Mungo Man’s return reminds us that we need to listen to Indigenous knowledge

One January afternoon in 1974 geologist Jim Bowler was conducting field research, riding his motorbike through the sandy lunettes that surround Lake Mungo in south-western New South Wales. He spotted bones buried in a dry lake bed, exposed by shifting sand dunes.

His discovery of the remains of an Indigenous male, designated Lake Mungo III and later dubbed “Mungo Man,” was to rewrite the history of human occupation of Australia and challenge the ideas that white Australians held toward Aboriginal people and how they lived prior to European colonization.

But in exhuming and relocating the remains, Bowler and his colleague Alan Thorne, an anthropologist, had inflicted great pain on local Indigenous peoples who were never consulted nor asked for permission for the remains to be taken from their lands.

After decades of campaigning, Mungo Man was finally returned to traditional owners in November 2017. He was welcomed back in a moving ceremony of dance and song. Bowler and his family were instrumental in facilitating the repatriation of the remains.

The landscape around Lake Mungo in south-western New South Wales.

The landscape around Lake Mungo in south-western New South Wales.

Image: Bruce Partland

An injustice to traditional owners

Today there are three Indigenous peoples, the Barkantji, Mutthi Mutthi and Ngiyampaa, who are recognized for their traditional association with the Willandra Lakes Region and ancestral connection with the ancient Mungo people. These three tribal groups are actively involved in the management of Mungo National Park and have always protested the removal of Mungo Man from their Country.

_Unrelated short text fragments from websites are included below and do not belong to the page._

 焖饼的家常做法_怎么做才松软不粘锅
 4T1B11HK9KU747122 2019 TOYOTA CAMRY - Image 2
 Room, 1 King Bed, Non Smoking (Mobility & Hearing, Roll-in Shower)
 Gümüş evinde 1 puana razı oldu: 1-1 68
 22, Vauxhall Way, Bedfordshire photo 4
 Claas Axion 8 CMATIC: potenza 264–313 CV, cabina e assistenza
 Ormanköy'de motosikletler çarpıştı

The disturbance of the spirit of Mungo Man through the removal of remains has caused great pain to their communities and has been seen as an injustice, one now recognized by the scientific community. According to Barkantji woman Sophia Pearce, whose parents were involved in the process of bringing Mungo Man home, the return was of profound importance and will leave a lasting legacy.

“When I stood in my own Country and considered that Mungo Man’s spirit was finally going to be resting in his own Country too, after forty-two-years of disturbance, it was very moving,” she said.

“He’s contributed enough to the world of science, his spirit needs to rest now.”

According to Pearce, the campaign to return Mungo Man was not just about ownership of the remains. “It’s about being recognized as the first peoples of Mungo. Having our determination in native title [June 2015], and then two years later Mungo Man comes home, it’s like the world is suddenly turning to address the issues of how Aboriginal people were treated in this country, being considered as less than human.”

The significance of Mungo Man

The discovery of Mungo Man stretched the history of Australia back by some 20,000 years. Before his emergence, another set of remains from the same area were also discovered by Bowler, and dubbed “Lake Mungo I” or “Mungo Lady.” They were dated at 20–26,000 years, then the oldest in Australia.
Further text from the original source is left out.